From the day he arrived in 1992 as one of then-CEO Hollis Harris's protégés, Milton has displayed an unstoppable drive and lots of rough edges. His promotion to president in 1999 was messy: Harris's successor, Lamar Durrett, had mishandled a pilots' strike and was reprimanded at the annual meeting. Jean-Jacques Bourgeault, a leading heir apparent, was on vacation; he returned to find Milton in the president's chair. Shortly after, Bourgeault and Durrett left, and Milton ascended to CEO.
Milton's no-nonsense style won plaudits when he outmanoeuvred Gerry Schwartz's Onex Corp. in the late-1999 takeover battle for Air Canada and Canadian Airlines. But the applause subsided when the cost-cutting and layoffs-thousands of them-began. Barely a week after the World Trade Center attacks decimated air travel, Milton practically demanded a $4-billion bailout from Ottawa. He didn't get it, and Liberal sources said Air Canada had been pressing for a $1-billion bailout even before the attack.
Meanwhile, Air Canada reduced the number of its flights, often cancelling them at the last minute if not enough seats were sold. Milton jammed more seats on planes while keeping the same number of staff. He also squeezed Air Canada's unions by using one of the oldest tactics in the book: shifting operations from the existing company to a "new" company. Zip, Jazz and Air Canada's other new discount carriers pay lower wages and benefits than the parent. At Zip, he claims, overall costs per pilot are 30% less, 40% less for flight attendants.
Milton says the layoffs and cuts to management salaries are the toughest decisions he's made. "It's hard to describe how it feels to let people go," he explains, "knowing the impact it has on lives, families and children, but you have to decide with your head and not your heart."
Last March, Milton sent a letter to employees telling them they weren't smiling enough.

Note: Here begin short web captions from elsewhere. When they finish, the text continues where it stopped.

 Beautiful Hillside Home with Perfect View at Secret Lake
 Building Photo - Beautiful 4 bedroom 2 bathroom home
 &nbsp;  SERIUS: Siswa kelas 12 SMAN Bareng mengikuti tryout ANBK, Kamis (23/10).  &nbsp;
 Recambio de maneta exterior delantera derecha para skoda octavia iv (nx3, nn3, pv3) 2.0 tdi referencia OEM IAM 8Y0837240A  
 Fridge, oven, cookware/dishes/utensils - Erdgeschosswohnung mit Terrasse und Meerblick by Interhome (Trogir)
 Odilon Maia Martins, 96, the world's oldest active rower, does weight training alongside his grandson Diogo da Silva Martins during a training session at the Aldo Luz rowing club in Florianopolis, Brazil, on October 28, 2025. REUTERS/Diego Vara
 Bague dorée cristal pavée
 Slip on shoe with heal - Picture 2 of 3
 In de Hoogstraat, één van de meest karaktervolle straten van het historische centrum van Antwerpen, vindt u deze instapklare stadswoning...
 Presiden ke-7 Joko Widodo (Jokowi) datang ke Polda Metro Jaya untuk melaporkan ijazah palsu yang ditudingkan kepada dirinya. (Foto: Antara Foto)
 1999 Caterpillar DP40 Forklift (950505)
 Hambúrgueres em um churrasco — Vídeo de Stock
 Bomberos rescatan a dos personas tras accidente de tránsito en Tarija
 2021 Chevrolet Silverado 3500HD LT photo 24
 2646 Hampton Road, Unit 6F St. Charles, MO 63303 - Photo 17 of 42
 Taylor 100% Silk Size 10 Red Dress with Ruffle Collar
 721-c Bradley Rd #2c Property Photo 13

Pamela Sachs, president of the union representing 8,500 cabin staff, fired back: "It's time to look at the coaches and stop blaming the players."
Lately, however, the coach has been on a winning streak. Air Canada earned $125 million in the third quarter ending Sept. 30, the only major North American carrier to post a profit. Its share price has also climbed, from a low of $2 in 2001 to more than $4 recently. Next destination: the $8 at which the shares debuted way back in 1988.
J. Bruce Flatt
President and CEO, Brookfield Properties Corp., 1995-2002
President and CEO, Brascan Corp., 2002-
Bodies were falling out of the sky. But Bruce Flatt, the wiry 37-year-old CEO of Brascan Corp., gritted his teeth and went to work. After the attacks on the World Trade Center, Flatt, then the CEO of Brascan's Toronto-based subsidiary, Brookfield Properties Corp., hired a limousine to drive him overnight to Manhattan to check four Brookfield-owned towers near Ground Zero.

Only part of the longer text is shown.